The Blackness of Horse, or Horse as Machine

by Danielle Miette Brown

in Plato, the season is irrelevant. the horse is indomitable,
riotous calenture which kicks and leaps and cannot be
contained. winters come and go. the snow does not settle on the back
of this horse, for thou (not it) is rising into a frenzy-into a momentous ah-ha
which clicks its heels, chomps at the bit-(all those
well-known anthropomorphisms by which the horse is followed, by which cause
is conferred that the horse be followed

into the desert). what no one had planned, however, is the hunt
of the horse, the moment when the horse is cornered and will not fit
into the trailer which has been brought.
a harness, then, is just as good and possibly also
a bridle. and this is how the horse is put to work.

in spring, the heat brings things into their element, out of the stall
and into an affirmation of being. the horse? it is still winter inside the horse.

when riding a mare, it is easy to mistake the place where you sit
as the axis mundi, to survey the land which has gone
before and the land that will come after and say see, look,
what I have done has no equal and will not be
again. but the servant at your side who rides his donkey-
he is the axis mundi. and you, when you
dismount, are the axis mundi, and when you ride, and when you sit down
to dinner, and when you bow your head to bless and open your plastic
pouch… the corposant is upheld
when you sneeze, is far from you, it seems, and yet the seasons can be touched
in the contact of plow with earth, your hand with your other.

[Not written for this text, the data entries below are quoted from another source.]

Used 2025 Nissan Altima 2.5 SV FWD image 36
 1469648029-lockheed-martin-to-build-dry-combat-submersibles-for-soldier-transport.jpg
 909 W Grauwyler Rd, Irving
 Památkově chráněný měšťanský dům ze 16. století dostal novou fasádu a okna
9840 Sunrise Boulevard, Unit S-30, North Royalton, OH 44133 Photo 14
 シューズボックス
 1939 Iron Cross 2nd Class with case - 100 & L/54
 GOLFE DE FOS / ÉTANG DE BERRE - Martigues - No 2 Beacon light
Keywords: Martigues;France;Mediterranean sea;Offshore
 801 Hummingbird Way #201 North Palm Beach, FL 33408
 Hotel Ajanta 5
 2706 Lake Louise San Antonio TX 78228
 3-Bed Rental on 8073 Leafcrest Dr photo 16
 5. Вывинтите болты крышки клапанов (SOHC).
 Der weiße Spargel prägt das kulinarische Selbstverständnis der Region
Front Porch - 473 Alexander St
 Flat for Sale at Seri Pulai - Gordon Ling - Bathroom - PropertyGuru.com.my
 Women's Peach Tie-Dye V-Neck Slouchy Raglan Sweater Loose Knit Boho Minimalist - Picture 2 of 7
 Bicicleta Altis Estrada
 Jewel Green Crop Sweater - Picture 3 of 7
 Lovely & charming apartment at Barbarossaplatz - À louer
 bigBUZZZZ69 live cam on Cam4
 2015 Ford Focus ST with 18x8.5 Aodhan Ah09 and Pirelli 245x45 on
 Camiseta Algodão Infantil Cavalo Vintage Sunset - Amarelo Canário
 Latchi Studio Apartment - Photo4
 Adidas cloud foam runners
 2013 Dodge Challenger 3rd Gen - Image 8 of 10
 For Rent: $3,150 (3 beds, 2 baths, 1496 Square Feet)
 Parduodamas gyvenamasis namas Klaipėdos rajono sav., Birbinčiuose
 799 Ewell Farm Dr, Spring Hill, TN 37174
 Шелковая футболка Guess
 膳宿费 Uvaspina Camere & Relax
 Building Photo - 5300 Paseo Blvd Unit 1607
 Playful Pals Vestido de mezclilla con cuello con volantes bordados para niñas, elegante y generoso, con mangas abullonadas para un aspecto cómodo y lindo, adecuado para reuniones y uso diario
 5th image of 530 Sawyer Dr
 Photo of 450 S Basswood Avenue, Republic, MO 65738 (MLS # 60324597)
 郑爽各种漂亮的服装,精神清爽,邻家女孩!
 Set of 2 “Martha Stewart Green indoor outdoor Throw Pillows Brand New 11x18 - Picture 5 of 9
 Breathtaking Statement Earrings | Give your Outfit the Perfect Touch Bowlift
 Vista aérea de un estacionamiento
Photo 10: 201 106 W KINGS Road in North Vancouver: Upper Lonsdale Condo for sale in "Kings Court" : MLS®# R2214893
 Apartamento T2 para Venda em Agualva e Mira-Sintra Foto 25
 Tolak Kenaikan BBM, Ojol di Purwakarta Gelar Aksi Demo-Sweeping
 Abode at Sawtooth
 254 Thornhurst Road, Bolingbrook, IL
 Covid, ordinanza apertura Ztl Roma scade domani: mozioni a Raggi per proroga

and meanwhile, the horse is given to spasms and fits,
fits of rage. it is the very darkness which pounds its head again
and again against the stall all day and all
night which disturbs rotation, you think.
and you ready yourself to destroy the horse-it is sick,
you tell your friends and neighbors, your children
who believe you.
the hunt was never over, you say to the horse, and the horse
has gone from you. it is in the eyes. the synopsis
of the eyes. a history which neighs and kicks, over
and over, turning from you, turning from the one who has the power to free
and the power to crucify. you fire your gun, and calmly walk back out into the night
which does not end; the night which flows in rivulets
and has woken everyone within the house.

-- DMB
©2001 Danielle Miette Brown

Danielle Miette Brown was born in Arlington, Texas in 1973. At the age of eight, she began writing short stories in a backyard tool shed and, by age 12, had completed two collections of short stories as well as several novels and screenplays. Danielle graduated from Baylor University in Waco shortly after the Branch Davidian crisis for which that area is notorious. In June of 1999, Danielle took up residence in Austin, Texas where she recently completed work on her fourth collection of poems, a book dealing with the nature of consciousness and the mysteries of the unconscious processes manifesting themselves through instinct. Danielle is currently working as a college professor and psychologist.